How about Seeding Sunday instead?

Heritage High School football coach Matt Gracey, shown here in this file photo, is one of two coaches from Clark County on the WIAA’s first seeding committee for football playoffs. Photo by Mike Schultz
Heritage High School football coach Matt Gracey, shown here in this file photo, is one of two coaches from Clark County on the WIAA’s first seeding committee for football playoffs. Photo by Mike Schultz

“It is not a selection committee,” said Heritage football coach Matt Gracey. “The teams are already there. We don’t decide who’s in. We are not there to select anybody.”

Gracey and Mountain View coach Adam Mathieson are the two coaches from Clark County who are on the WIAA’s Football Seeding Committee, a first of its kind for a Washington high school sport.

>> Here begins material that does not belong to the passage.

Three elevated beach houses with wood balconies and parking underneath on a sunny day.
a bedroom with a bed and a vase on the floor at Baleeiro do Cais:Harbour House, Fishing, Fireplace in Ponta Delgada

The 30 or so coaches and administrators, retired coaches, media members and other friends of the game who are on the committee met for the first time Sunday at Washington Interscholastic Activities Association headquarters in Renton.

“It was a good experience,” Mathieson said. “You know some of the guys from different circles. You meet others. Talk and discuss. It’s an exciting time. Everyone’s approaching it the same way … you’re trying to honor kids. We’re talking high school athletics, high school football specifically. All the egos were checked at

the door. Great dialogue.”

The meeting was to set the criteria for seeding the tournaments for each classification. Details of that criteria will come at a later time. Gracey and Mathieson said the committee members agreed not to share specifics right now.

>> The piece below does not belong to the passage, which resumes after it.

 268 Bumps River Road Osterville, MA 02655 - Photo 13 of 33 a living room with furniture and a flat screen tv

“One voice is better than 10,” Gracey said, noting that the WIAA will release the pertinent information, not individual members of the committee.

“We just shared ideas,” Mathieson said. “Things have to go forward through the executive board. A lot of it was suggestions, concepts, and ideas.”

 

Mountain View head football coach Adam Mathieson is one of two coaches from Clark County on the WIAA’s first seeding committee for football playoffs. Photo by Mike Schultz
Mountain View head football coach Adam Mathieson is one of two coaches from Clark County on the WIAA’s first seeding committee for football playoffs. Photo by Mike Schultz

What we do know is that the seeding committee is scheduled to meet again on Nov. 4, the Sunday after the Week 10 games are played. Throughout Washington, many of the Week 10 games are either district or state preliminary round playoff games.

 

The 16 teams in each state playoff bracket (eight for Class 1B) will qualify for state through those district and preliminary round games. No computers, no humans will select the teams to go to state. Every team qualifies on the field.

Once the teams qualify for state, the selection committees for each classification will meet to seed the tournament. In theory, this would do away with top teams playing each other in the early rounds.

The WIAA has used an RPI system to seed its basketball tournaments the past two seasons. Football coaches and administrators balked at using RPI in football because there are only 10 games per season prior to state.

While no details of how the seeding process will go, it is assumed that committee members will combine computer rankings and analysis along with the human input – the eyeball test, if you will.

“It’s a great step forward,” Gracey said.

All of the committee members are volunteers. Gracey said he appreciated the WIAA’s efforts in trying to change what he, and many others, felt was a flawed system.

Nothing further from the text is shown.